I have a "stacked panel" data set with ~600,000 rows. While the data are compiled from a survey , the data are no longer in survey format: rather, these are person-year observations for ~100000 people over ~10 years. Thus, I'm not able to use R's survey package in a strict sense, because I do not have survey data.
It is called mydata
and it looks something like this:
unique_pid housing.category agebucket sample.weight year
1_1 0 (30, 45] 29.9 1999
1_1 0 (30, 45] 29.9 2000
1_1 1 (30, 45] 19.9 2001
1_1 1 (30, 45] 39.9 2002
1000_33 0 (15, 30] 10 1982
1000_33 1 (15, 30] 10.2 1983
1000_33 0 (15, 30] 13 1984
1000_33 1 (15, 30] 12 1985
1000_33 0 (15, 30] 10 1986
1000_33 1 (15, 30] 12 1987
88_2 0 (30, 45] 0.99 1990
88_2 0 (30, 45] 0.89 1991
88_2 1 (30, 45] 1.99 1992
88_2 0 (30, 45] 2.99 1993
I am running a weighted logit with R's glm()
. My call looks like this:
glm(housing.category ~ agebucket, data= mydata, family="binomial", weights=sample.weight)
I get the following warning:
Warning message:
In eval(expr, envir, enclos) : non-integer #successes in a binomial glm!
My weights are contained in vector sample.weight
in the dataframe above. While they are not integers, they are designed to adjust for over- and under-sampling of certain groups in the survey: oversampled populations are assigned values < 1, while undersampled populations are assigned values >1. In this sense, they are frequency weights.

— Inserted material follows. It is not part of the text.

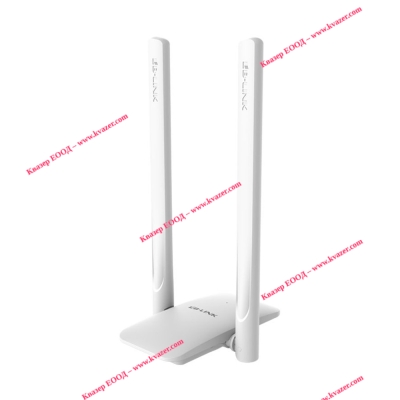 Безжичен мрежов адаптер LB-LINK BL-WDN1300A, 1300Mbps, 2.4/5Ghz, 2 x 6dBi, Бял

However, when I read the documentation for glm()
, I see that the these weights should represent the number of trials - i.e. they should be vector of integers.
So far, I have worked with the survey
R package, but my data are no longer panel.
Am I misinterpreting the weights argument? Is this a numerical error? If so, how can I run a logit weighted by sample weights?